I've been experimenting with rmlint lately, with an eye toward automation. So far things are looking promising, but I have to spend some more time with it. Check it out if you're looking to do things in an automated way.
I find rmlint pretty powerful.
Especially because you can flag original directories, which can be very convenient if you have a master copy/multiple drives.
Check or this page and especially this example:
https://rmlint.readthedocs.io/en/latest/tutorial.html#flagging-original-directories
I don't have a bunch of time atm, christmas, but I just wanted to link you to rmlint
I used this to find duplicates over 60TB, rmlint itself did not delete/modify anything it just output to a bash script/json, that I then scripted around to fit my needs.
Could be useful. Feel free to PM me if you need help writing something, for some reason I like doing stuff like this.
You've reminded me this is something I wanted to figure out again. I'm trying using rmlint on my Solus Linux desktop to search for dupes on a shared folder that's mounted over SMB.
I just removed 10tb of dupes last weekend. Well I replaced them with hardlinks. I used rmlint
https://github.com/sahib/rmlint https://rmlint.readthedocs.io/en/latest/tutorial.html
rmlint wont remove anything but it will tell you whats duplicate and you can run it with a crazy amount of options to get what you need. Or just tear apart its output to get what you need.

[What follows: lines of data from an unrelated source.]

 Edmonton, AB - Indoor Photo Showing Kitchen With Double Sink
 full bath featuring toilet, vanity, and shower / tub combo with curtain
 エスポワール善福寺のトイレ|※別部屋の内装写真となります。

I had rmlint output to a bash (.sh) script which included hardlinking. After sitting with that file for like 2 days randomly throwing regex searches at it trying to find if it caught something it shouldn't have I ran it and it did exactly what I wanted.
It also outputs a json file you could query to get what you want. First time using it and it was gud.

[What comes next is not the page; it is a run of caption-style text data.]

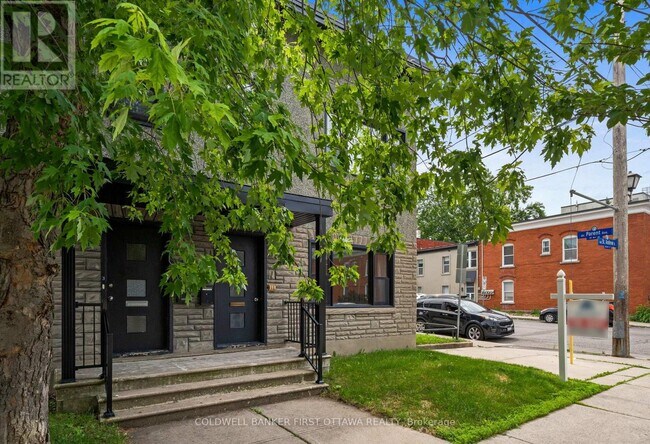 Photo - 72 St Andrew St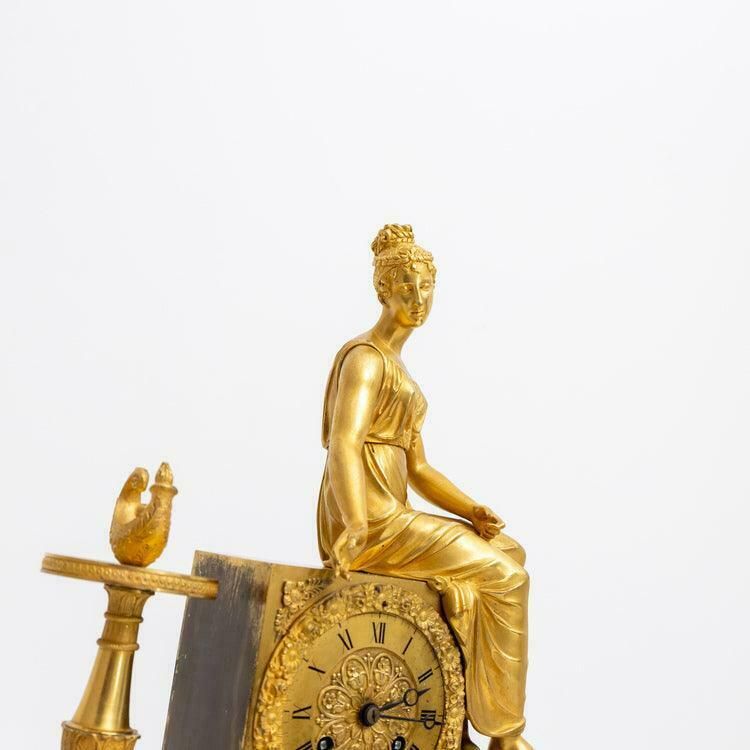 photo for sale Franse Pendule Van Vuurgegoten Brons Met Zittende Vrouwenfiguur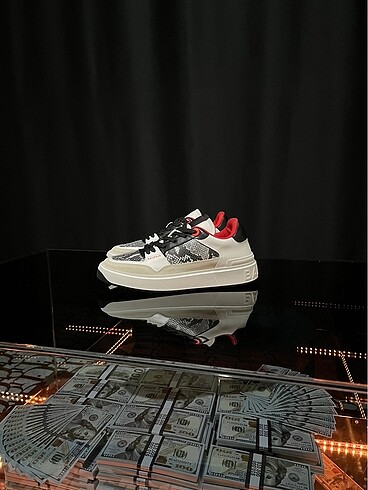 Balmain 39-44 arası tüm numaralar mevcuttur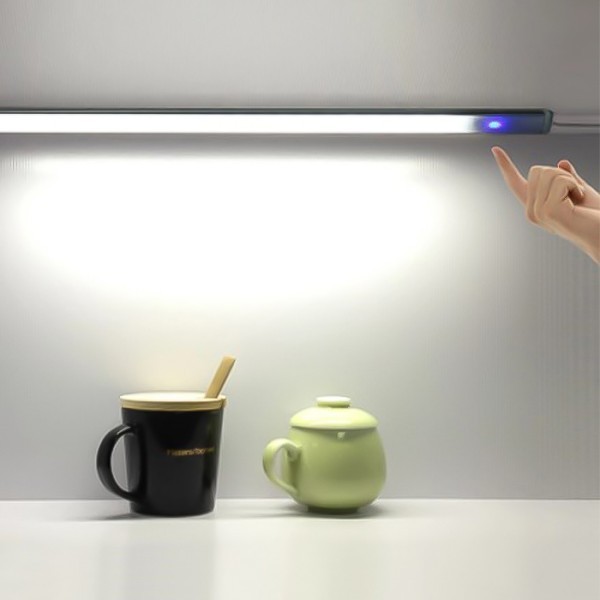 Clara Φωτιστικό LED Με Αισθητήρα Αφής 5W 30x1,7x0,7cm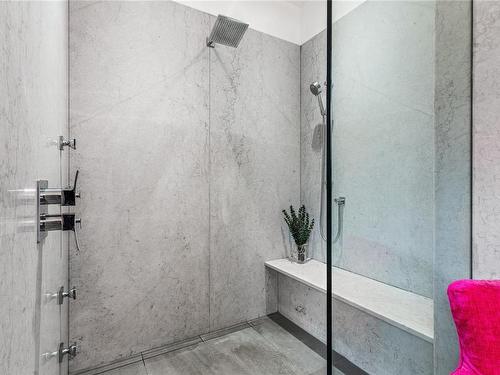 1023 St. Charles St, Victoria, BC - Indoor Photo Showing Bathroom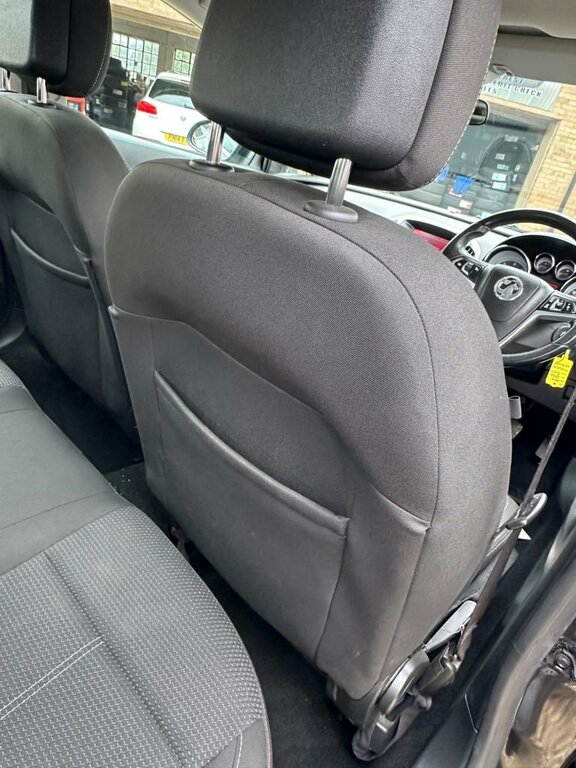 Vauxhall Astra Astra Exclusiv Red #45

It's here, it can do (in order starting with what would be best for most users if the filesystem/kernel can do it): clone, reflink, hardlink, symlink.
So I am unsure due to what I suspect are mistypes but it seems like you are trying to insult me? Saying I have not written 5 lines of code? Not sure but it sounds like you are angry. I am not sure why my previous post got you upset but I apologize if it did.
Looking at rmlints docs here. https://rmlint.readthedocs.io/en/latest/ I don't see an option for it to replace duplicate files with symlinks to the original. I could easily be missing it because I only skimmed this page. This was a requirement from OP.
IIRC, the order in which you specify the directories to search defines which file is the “original” and which gets deleted.